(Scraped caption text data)

----

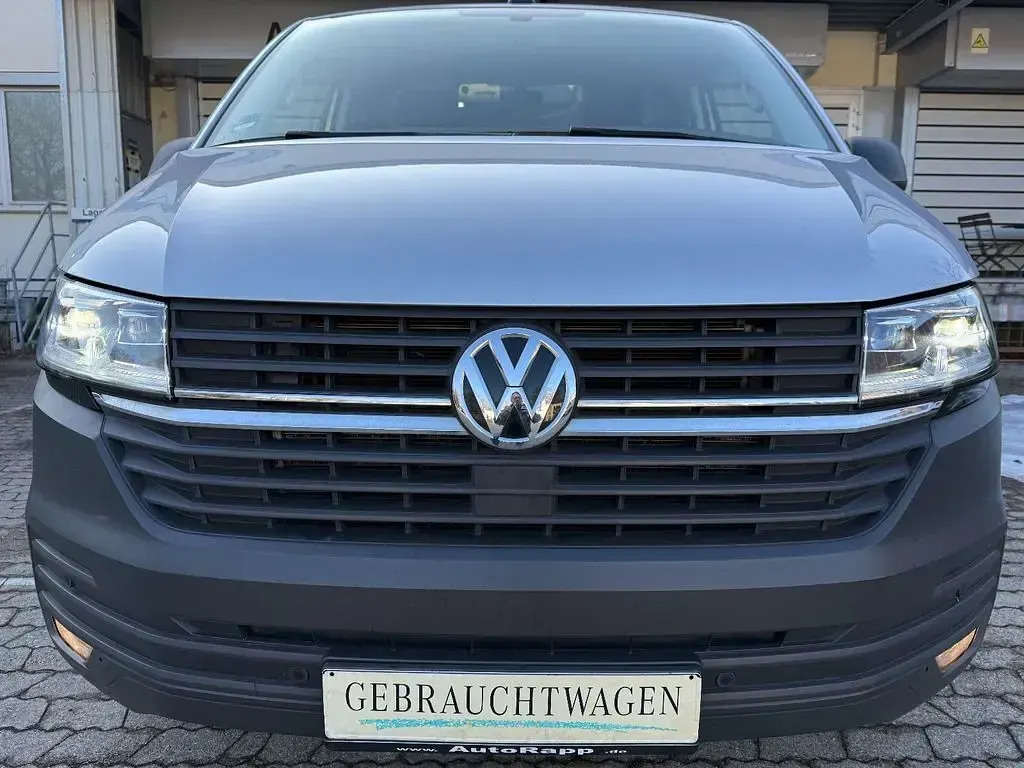 Gebraucht VW Transporter 150 PS (110 kW) 2022 Silber Van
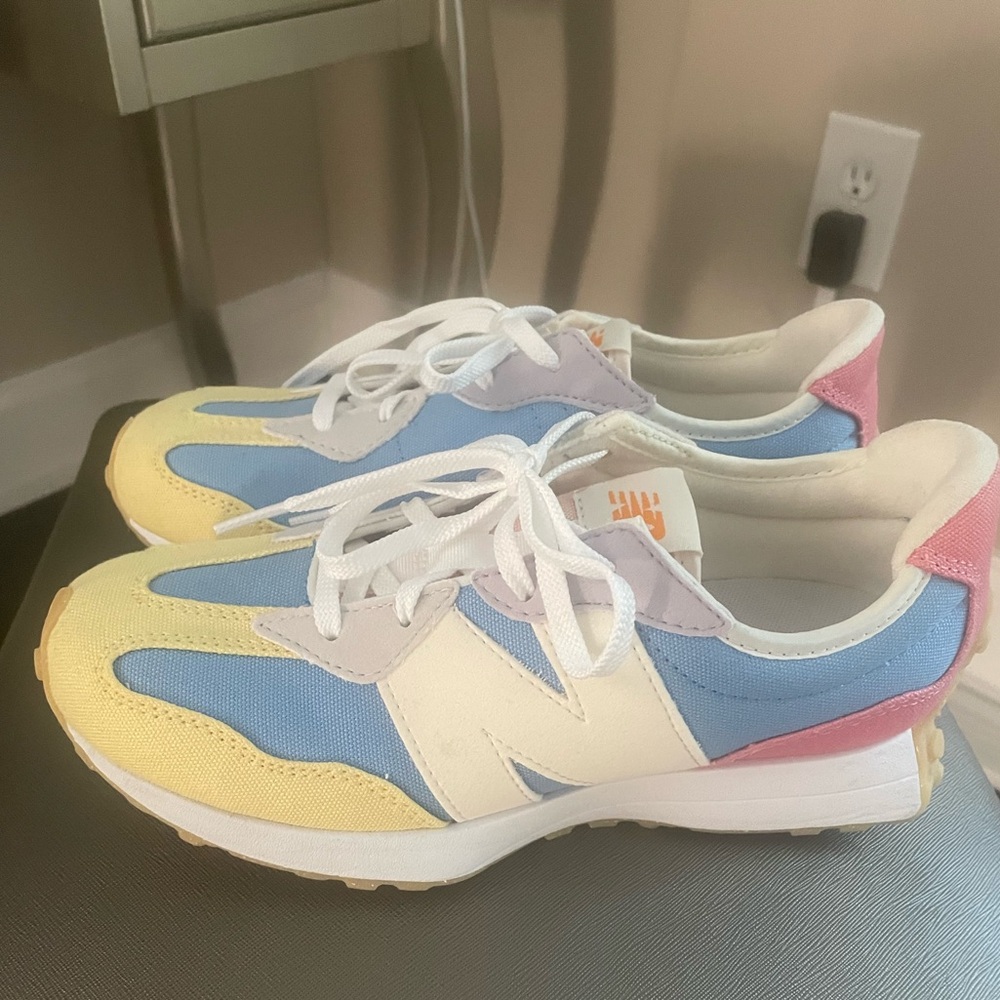 Brand new, never worn. Youth size 4.5 multicolored new balance sneakers.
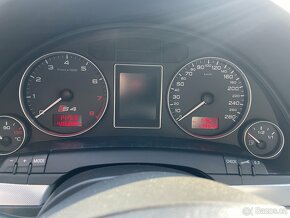 AUDI S4 avant 4.2 V8 - 11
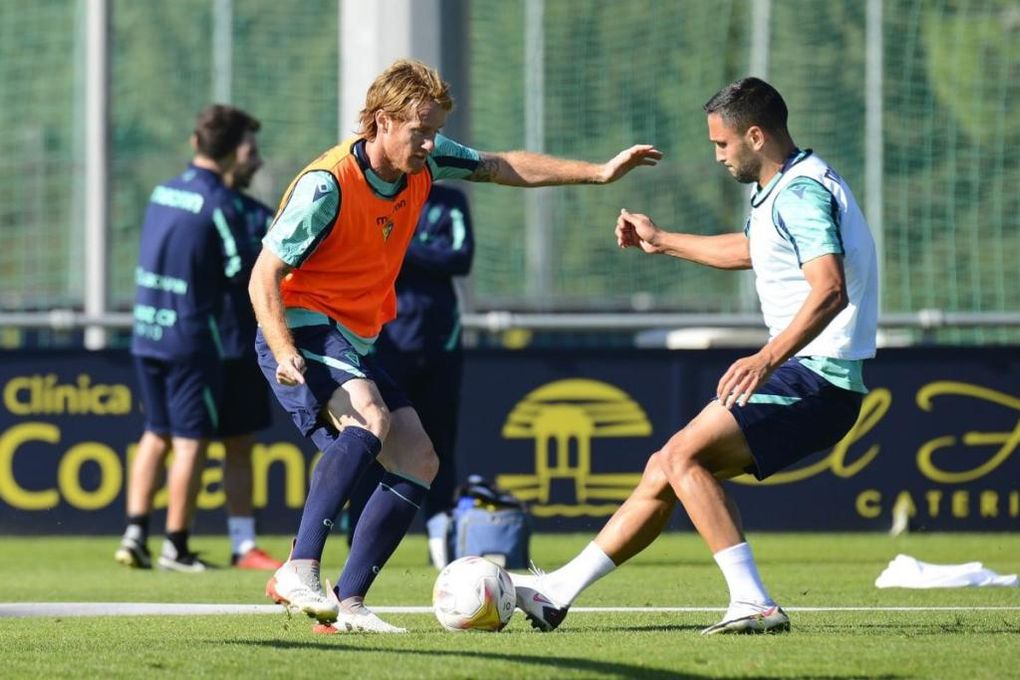 Cervera, sobre la renovación de Álex Fernández, pretendido por Betis y Valencia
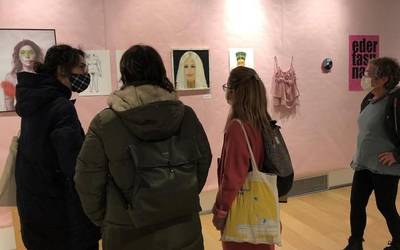 Edertasuna Bergarako emakume artisten ikuspegitik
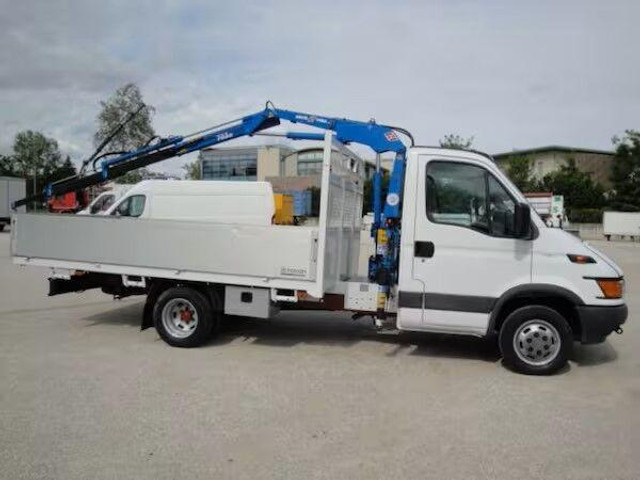 Iveco Daily 35C11 - flatbed+crane - Truk flatbed, Truk derek: gambar 3 Iveco Daily 35C11 - flatbed+crane - Truk flatbed, Truk derek: gambar 3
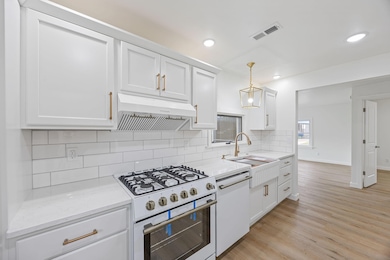 1208 W Broadway St, Mount Pleasant, MI 48858 - photo 6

----

Your output should be exactly the lines of the records above from the one with "Cervera, sobre la" through the last, both ends included, with pictures excluded.

— Reply —
 Cervera, sobre la renovación de Álex Fernández, pretendido por Betis y Valencia
 Edertasuna Bergarako emakume artisten ikuspegitik
 Iveco Daily 35C11 - flatbed+crane - Truk flatbed, Truk derek: gambar 3 Iveco Daily 35C11 - flatbed+crane - Truk flatbed, Truk derek: gambar 3
 1208 W Broadway St, Mount Pleasant, MI 48858 - photo 6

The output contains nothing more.